What to do:
Beginning with the line that contains "Illustration of a", retype the entries below exactly, ending with the line that contains "Music Vintage Oasis". Leave out any pictures.

═════ Records for the exercise

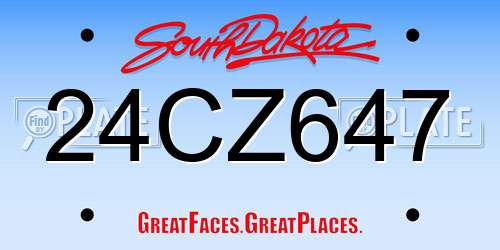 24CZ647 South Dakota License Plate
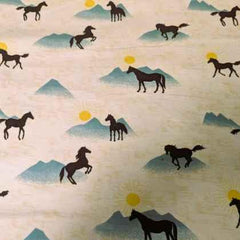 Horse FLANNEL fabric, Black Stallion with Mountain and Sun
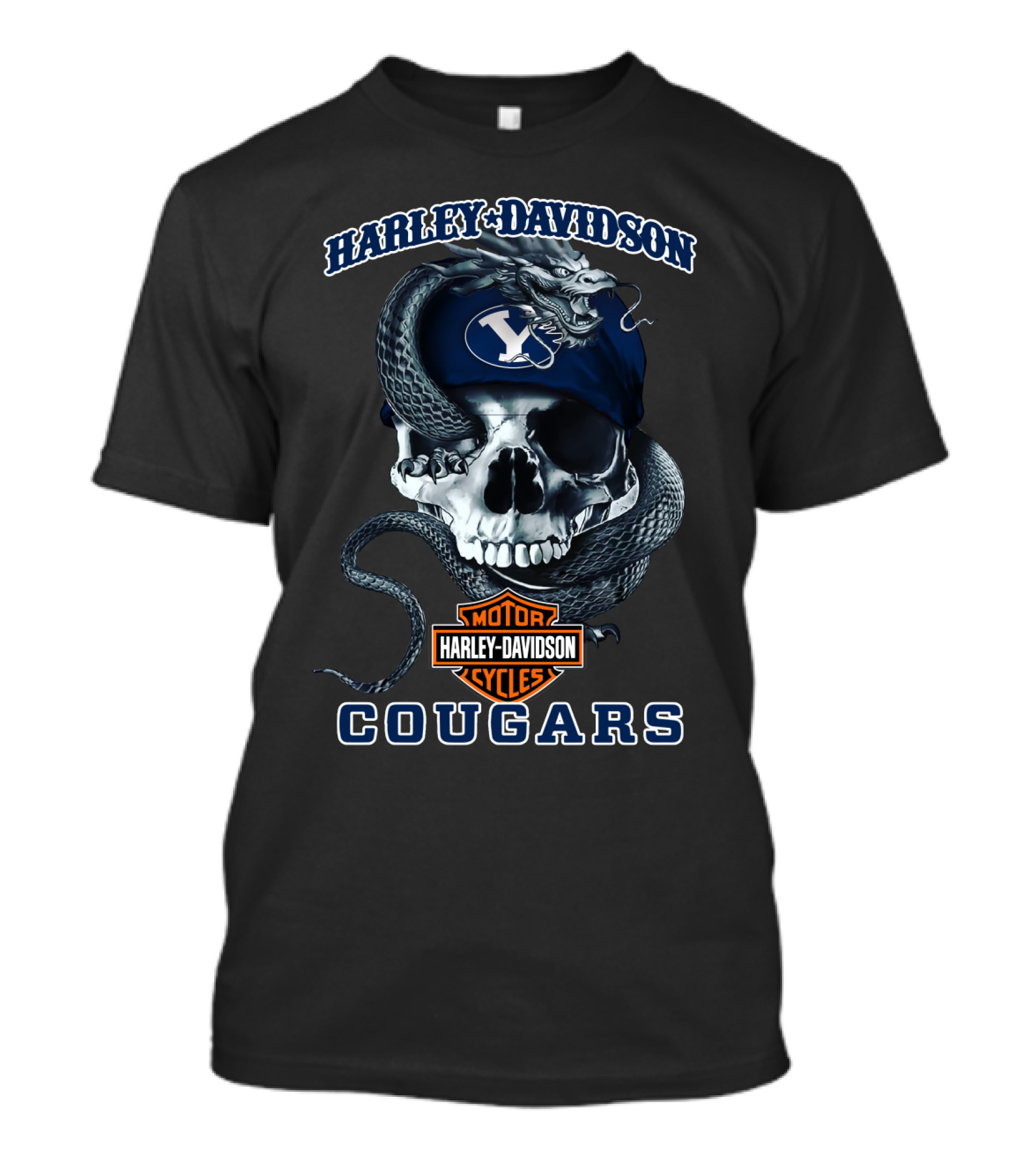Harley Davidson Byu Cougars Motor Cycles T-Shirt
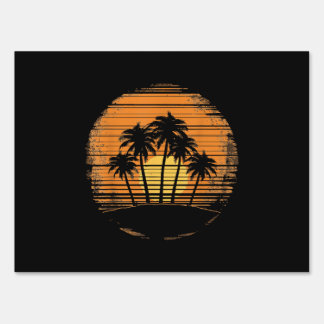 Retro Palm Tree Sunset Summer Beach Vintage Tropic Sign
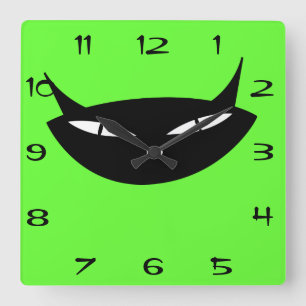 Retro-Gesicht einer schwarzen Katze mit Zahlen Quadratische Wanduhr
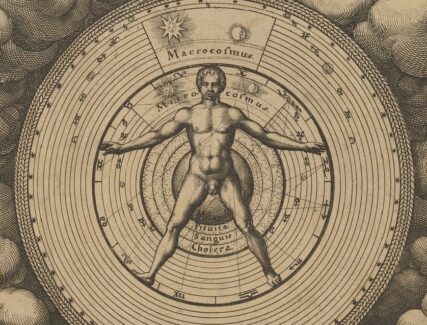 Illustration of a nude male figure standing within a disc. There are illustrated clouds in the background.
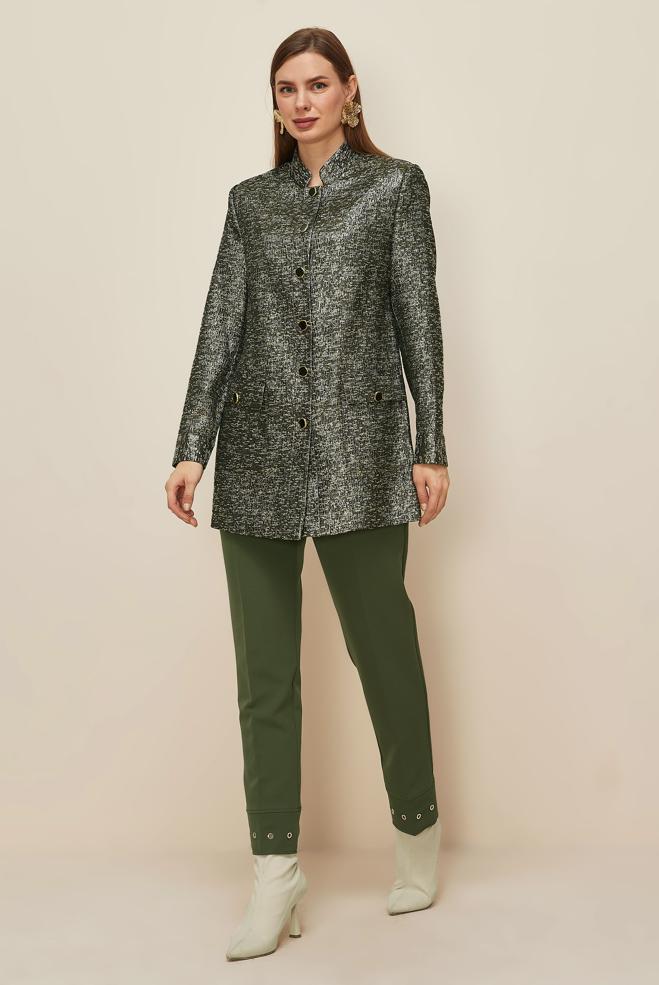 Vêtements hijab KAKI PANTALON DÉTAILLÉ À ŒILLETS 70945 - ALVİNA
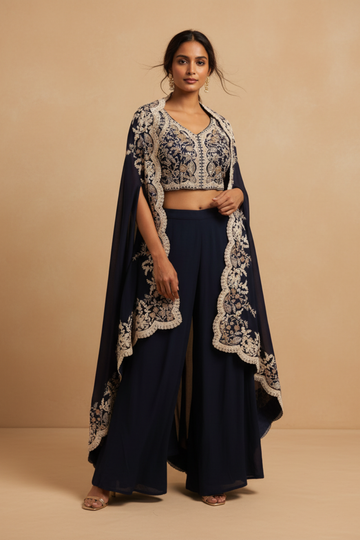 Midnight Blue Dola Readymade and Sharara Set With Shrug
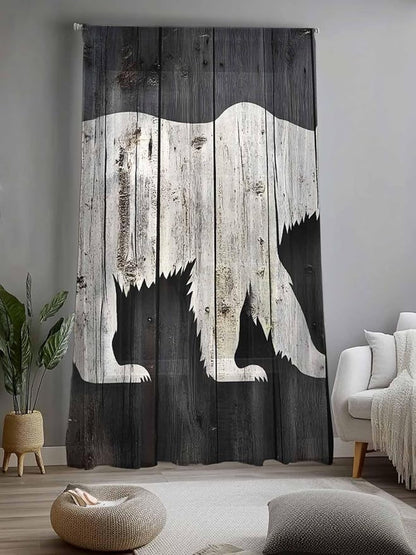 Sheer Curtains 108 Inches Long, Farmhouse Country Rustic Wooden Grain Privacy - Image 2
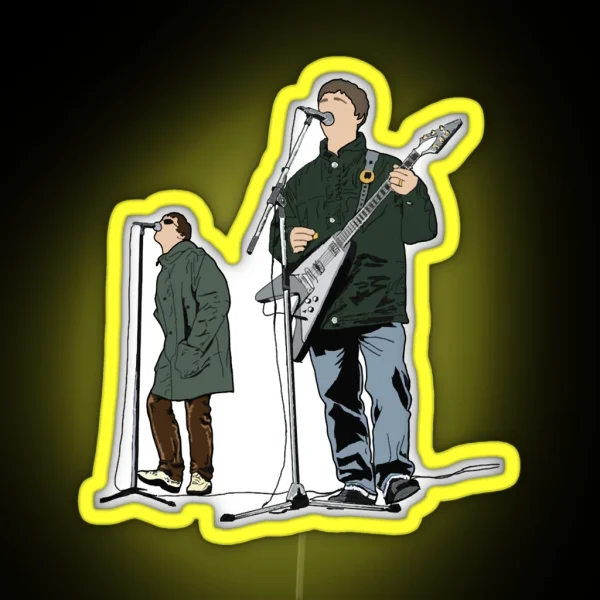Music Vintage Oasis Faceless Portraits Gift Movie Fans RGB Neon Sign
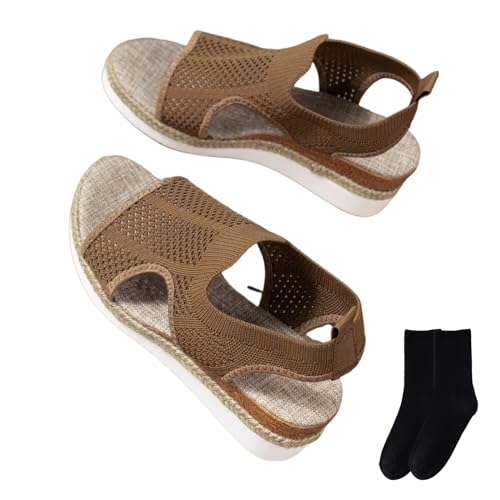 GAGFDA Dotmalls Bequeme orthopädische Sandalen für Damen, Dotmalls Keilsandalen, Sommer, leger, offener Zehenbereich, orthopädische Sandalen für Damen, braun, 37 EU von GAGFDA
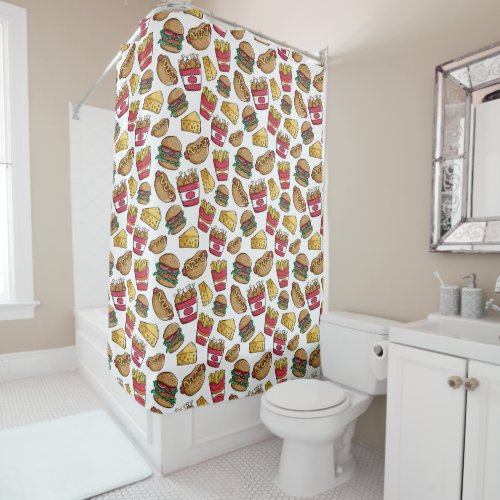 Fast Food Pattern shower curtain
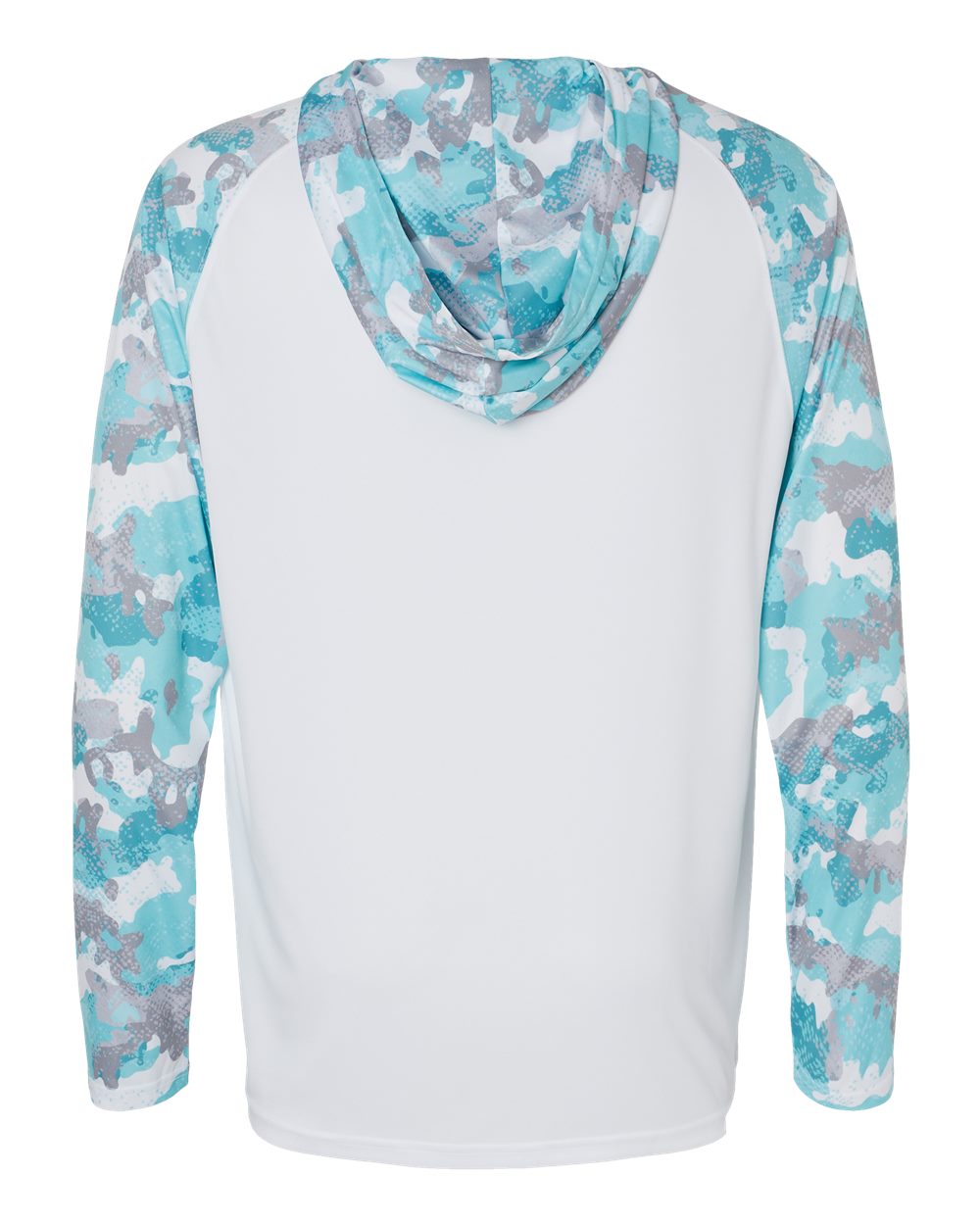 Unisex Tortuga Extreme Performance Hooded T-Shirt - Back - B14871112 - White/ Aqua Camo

══════════

Response to this task:
 Illustration of a nude male figure standing within a disc. There are illustrated clouds in the background.
 Vêtements hijab KAKI PANTALON DÉTAILLÉ À ŒILLETS 70945 - ALVİNA
 Midnight Blue Dola Readymade and Sharara Set With Shrug
 Sheer Curtains 108 Inches Long, Farmhouse Country Rustic Wooden Grain Privacy - Image 2
Music Vintage Oasis Faceless Portraits Gift Movie Fans RGB Neon Sign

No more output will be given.